Lembre-se: há espaço em nossas vidas para todos os tipos de sentimentos, nós apenas precisamos estar dispostas a perceber cada um e como eles nos afetam. Você pode hoje apenas sentir-se bem por vivenciar a felicidade de outras pessoas de forma estimulante para a sua vida. Do jeito que for, eu desejo a você um Feliz Dia das Mães.

Sou Joana Santiago – Psicóloga

Como se manter equilibrada diante dos desafios e superações das mães na quarentena

Ser mãe é essencialmente saber amar. Significa dar afeto, estimar, proteger, cuidar e esta função maternal não se esgota na relação com os filhos, mas pode ser exercida em relação a todas as pessoas com quem assumimos este papel cuidador e afetivo.

É muito comum encontrarmos mulheres que se questionam se estão sendo boas mães, uma dúvida que traz consigo alguma dose de angústia e de sofrimento. O desempenho de vários papéis em simultâneos por parte da mulher, tais como de mãe, esposa, profissional, filha, dona de casa, pode trazer uma pressão psicológica excessiva que acaba por gerar sentimentos de falha e culpa.

Agora acrescente nessa mistura a pandemia, com confinamento há mais de um ano com os filhos, trabalho, rotina da casa… tudo junto e misturado! Desafiador, né?

Tanto para a mãe que tem ajuda como para a que não tem é difícil trabalhar, cuidar da casa, das crianças, dos animais de estimação e fazer diversas outras tarefas, neste período de quarentena, onde todos têm que ficar o máximo possível dentro de casa.

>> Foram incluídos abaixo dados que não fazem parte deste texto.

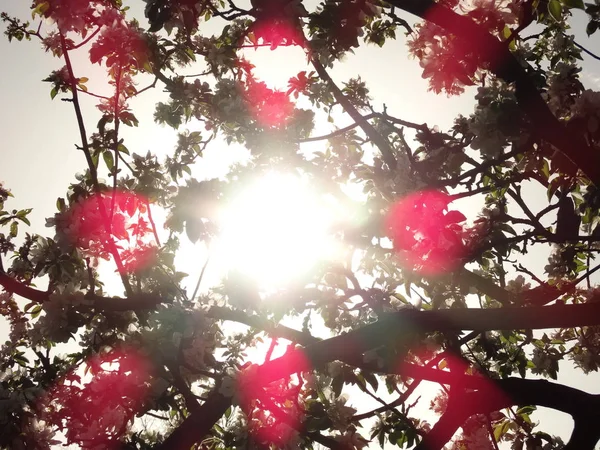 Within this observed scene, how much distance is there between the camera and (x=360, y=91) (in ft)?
17.7

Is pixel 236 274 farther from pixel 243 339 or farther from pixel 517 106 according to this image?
pixel 517 106

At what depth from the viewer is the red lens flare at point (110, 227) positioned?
324 centimetres

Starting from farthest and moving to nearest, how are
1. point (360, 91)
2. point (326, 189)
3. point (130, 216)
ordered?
point (360, 91)
point (326, 189)
point (130, 216)

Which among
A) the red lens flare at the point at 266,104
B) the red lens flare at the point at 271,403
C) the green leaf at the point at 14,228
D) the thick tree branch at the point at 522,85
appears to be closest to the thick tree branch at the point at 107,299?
the red lens flare at the point at 271,403

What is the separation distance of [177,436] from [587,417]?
2411 mm

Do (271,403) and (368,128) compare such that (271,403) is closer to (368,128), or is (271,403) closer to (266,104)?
(368,128)

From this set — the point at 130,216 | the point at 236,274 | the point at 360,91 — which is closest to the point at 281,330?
the point at 236,274

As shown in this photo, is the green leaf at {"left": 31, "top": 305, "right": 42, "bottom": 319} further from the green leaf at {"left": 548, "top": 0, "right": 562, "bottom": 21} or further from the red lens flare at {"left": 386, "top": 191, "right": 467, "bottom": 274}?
the green leaf at {"left": 548, "top": 0, "right": 562, "bottom": 21}

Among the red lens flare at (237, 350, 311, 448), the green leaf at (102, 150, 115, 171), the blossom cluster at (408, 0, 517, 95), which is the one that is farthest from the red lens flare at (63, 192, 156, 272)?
the blossom cluster at (408, 0, 517, 95)

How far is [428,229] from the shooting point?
2803 mm

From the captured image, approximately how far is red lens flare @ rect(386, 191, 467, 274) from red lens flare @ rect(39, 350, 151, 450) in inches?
81.1

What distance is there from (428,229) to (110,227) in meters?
2.26

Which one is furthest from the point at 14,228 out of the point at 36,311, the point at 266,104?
the point at 266,104

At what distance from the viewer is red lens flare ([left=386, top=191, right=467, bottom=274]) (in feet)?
9.05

Muitas estão esgotadas fisicamente e emocionalmente, e esse esgotamento, junto com o medo e a incerteza do que vai acontecer, podem ocasionar um surto. 

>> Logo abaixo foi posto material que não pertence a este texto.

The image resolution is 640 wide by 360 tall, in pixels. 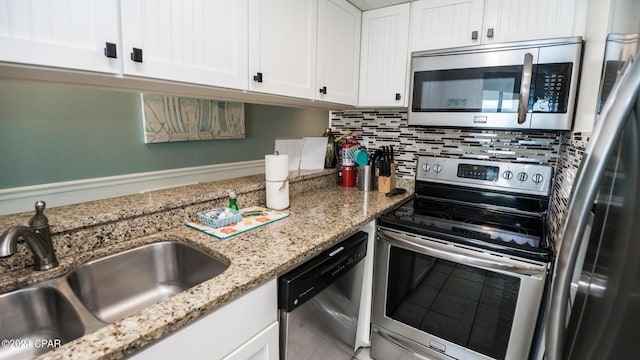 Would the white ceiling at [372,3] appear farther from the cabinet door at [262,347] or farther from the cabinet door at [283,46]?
the cabinet door at [262,347]

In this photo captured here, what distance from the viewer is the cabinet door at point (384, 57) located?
6.12 ft

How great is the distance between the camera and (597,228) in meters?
0.53

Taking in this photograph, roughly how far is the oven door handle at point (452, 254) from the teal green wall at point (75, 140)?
6.12 ft

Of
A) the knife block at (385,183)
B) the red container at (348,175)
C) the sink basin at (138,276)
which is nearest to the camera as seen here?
the sink basin at (138,276)

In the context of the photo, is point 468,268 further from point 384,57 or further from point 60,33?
point 60,33

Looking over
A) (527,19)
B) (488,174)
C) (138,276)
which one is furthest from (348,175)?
(138,276)

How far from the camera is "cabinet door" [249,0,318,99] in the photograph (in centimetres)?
129

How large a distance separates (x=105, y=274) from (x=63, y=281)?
0.13 m

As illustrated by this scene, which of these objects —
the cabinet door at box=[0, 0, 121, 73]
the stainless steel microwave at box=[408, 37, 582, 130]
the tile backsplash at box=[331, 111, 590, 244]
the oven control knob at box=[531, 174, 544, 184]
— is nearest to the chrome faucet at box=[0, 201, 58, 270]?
the cabinet door at box=[0, 0, 121, 73]

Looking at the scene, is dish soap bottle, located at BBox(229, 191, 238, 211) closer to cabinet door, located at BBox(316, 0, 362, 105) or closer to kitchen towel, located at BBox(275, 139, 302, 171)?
kitchen towel, located at BBox(275, 139, 302, 171)

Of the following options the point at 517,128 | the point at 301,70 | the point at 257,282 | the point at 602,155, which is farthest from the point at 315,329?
the point at 517,128

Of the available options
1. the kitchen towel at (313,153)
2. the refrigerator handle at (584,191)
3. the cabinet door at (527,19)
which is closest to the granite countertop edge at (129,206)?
the kitchen towel at (313,153)

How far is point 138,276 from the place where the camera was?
42.8 inches

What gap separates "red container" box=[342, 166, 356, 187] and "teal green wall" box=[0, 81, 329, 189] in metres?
1.28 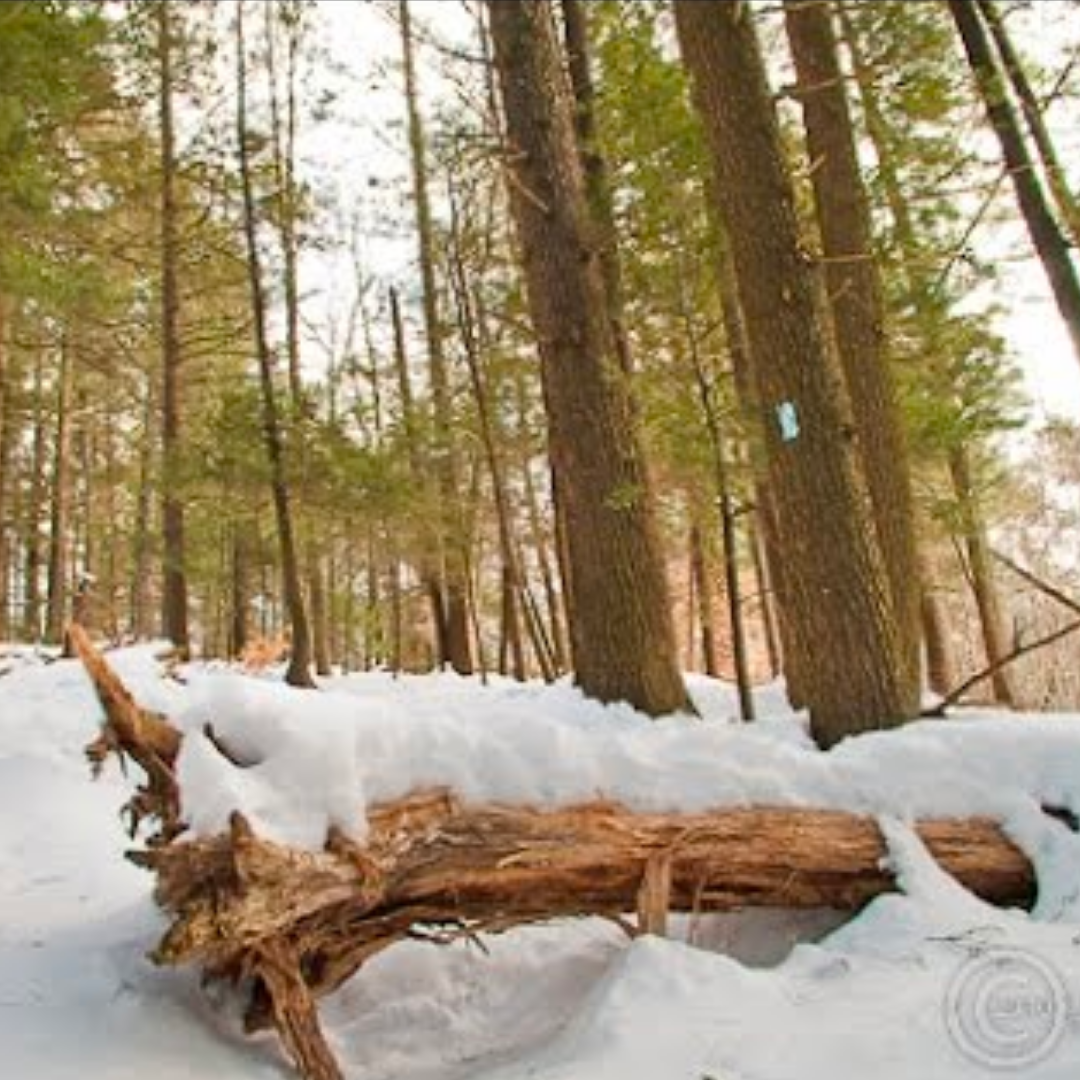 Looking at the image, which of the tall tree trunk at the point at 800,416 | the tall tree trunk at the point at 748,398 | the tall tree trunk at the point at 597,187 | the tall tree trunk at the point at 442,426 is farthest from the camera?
the tall tree trunk at the point at 442,426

Dicas para reduzir o estresse em casa

Antes desse período, quando uma pessoa estava prestes a ter uma crise, o recomendado era para que ela se afastasse, saísse para caminhar, etc., e só voltasse quando estivesse se sentindo melhor. No atual cenário isso não é recomendado e muitas mães não têm com quem deixar os filhos nem para ir ao mercado, quem dirá para caminhar. Sendo assim, essa mãe terá que se acalmar dentro de casa, procurar um local calmo e avisar para as crianças que precisa se afastar um pouco.

Beba bastante água e respire profundamente por dois minutos, coloque uma música que te deixe relaxada, reflita sobre o que aconteceu e volte para perto das crianças quando estiver mais calma.

Permita-se parar, faça essa “pausa obrigatória”. A vantagem de ter seu filho a poucos passos de distância,  permite abraçá-lo sempre que tiver vontade, ver sua alegria em pequenas coisas e escutar sua risada por toda a casa. Para que esses dias sejam mais leves e você possa aproveitar com as crianças, compartilhe com eles algumas tarefas da casa, ensine e peça ajuda. Eles vão se divertir com uma simples atividade de fazer a cama ou preparar o café da manhã e você vai poder relaxar um pouco. 

E não esqueça, a culpa é um sentimento muito comum entre as mães que, acertando ou errando, permanece nela. Pegue leve com você mesma, não se cobre tanto e aceite que não precisa dar conta de tudo! 

Cuide da sua saúde emocional e se precisar peça apoio profissional, pois só quando estamos bem é que conseguimos cuidar do próximo.